Find the Index of the First Occurrence in a String easy
Problem Statement
Implement strStr().
Given two strings needle and haystack, return the index of the first occurrence of needle in haystack, or -1 if needle is not part of haystack.
Clarification:
What should we return when needle is an empty string? This is a great question to ask during an interview.
For the purpose of this problem, we will return 0 when needle is an empty string. This is consistent to C's strstr() and Java's indexOf().
Example 1:
Input: haystack = "hello", needle = "ll" Output: 2
Example 2:
Input: haystack = "aaaaa", needle = "bba" Output: -1
Steps
- Handle Empty Needle: If the needle is empty, return 0 as per the problem statement.
- Iterate through Haystack: Iterate through the haystack string using a loop.
- Check for Needle: At each position in the haystack, compare the substring of the haystack (starting at the current position and having the same length as the needle) with the needle.
- Match Found: If a match is found, return the current index.

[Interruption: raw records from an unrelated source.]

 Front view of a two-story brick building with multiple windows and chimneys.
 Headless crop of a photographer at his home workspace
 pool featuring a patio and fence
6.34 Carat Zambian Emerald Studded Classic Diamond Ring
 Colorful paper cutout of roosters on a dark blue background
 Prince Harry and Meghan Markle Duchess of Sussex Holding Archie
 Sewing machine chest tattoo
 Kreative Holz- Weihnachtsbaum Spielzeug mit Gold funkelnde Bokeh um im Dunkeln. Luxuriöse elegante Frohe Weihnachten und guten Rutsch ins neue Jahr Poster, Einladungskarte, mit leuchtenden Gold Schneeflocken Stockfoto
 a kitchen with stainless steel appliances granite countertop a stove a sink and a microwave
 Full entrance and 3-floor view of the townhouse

- No Match: If the loop completes without finding a match, return -1.
Explanation
The solution uses a simple string matching approach. It iterates through the haystack, checking if the needle is present at each possible starting position. The substr
function is used to efficiently extract substrings for comparison. The time complexity is directly proportional to the lengths of both the haystack and the needle, while the space complexity is constant (O(1)) because we are not using any extra data structures whose size depends on the input.
Code
class Solution {
public:
int strStr(string haystack, string needle) {
int n = haystack.length();
int m = needle.length();
// Handle empty needle case
if (m == 0) {
return 0;
}
// Iterate through haystack
for (int i = 0; i <= n - m; ++i) {
// Check for match
bool match = true;
for (int j = 0; j < m; ++j) {
if (haystack[i + j] != needle[j]) {
match = false;
break;
}
}
// Return index if match found
if (match) {
return i;
}
}
// Return -1 if no match found
return -1;
}
};
Complexity
- Time Complexity: O(n*m), where n is the length of
haystack
and m is the length ofneedle
. In the worst case, we might compare the needle with every possible substring of the haystack. - Space Complexity: O(1). The algorithm uses only a constant amount of extra space, regardless of the input sizes. We're not creating new data structures whose sizes depend on the inputs.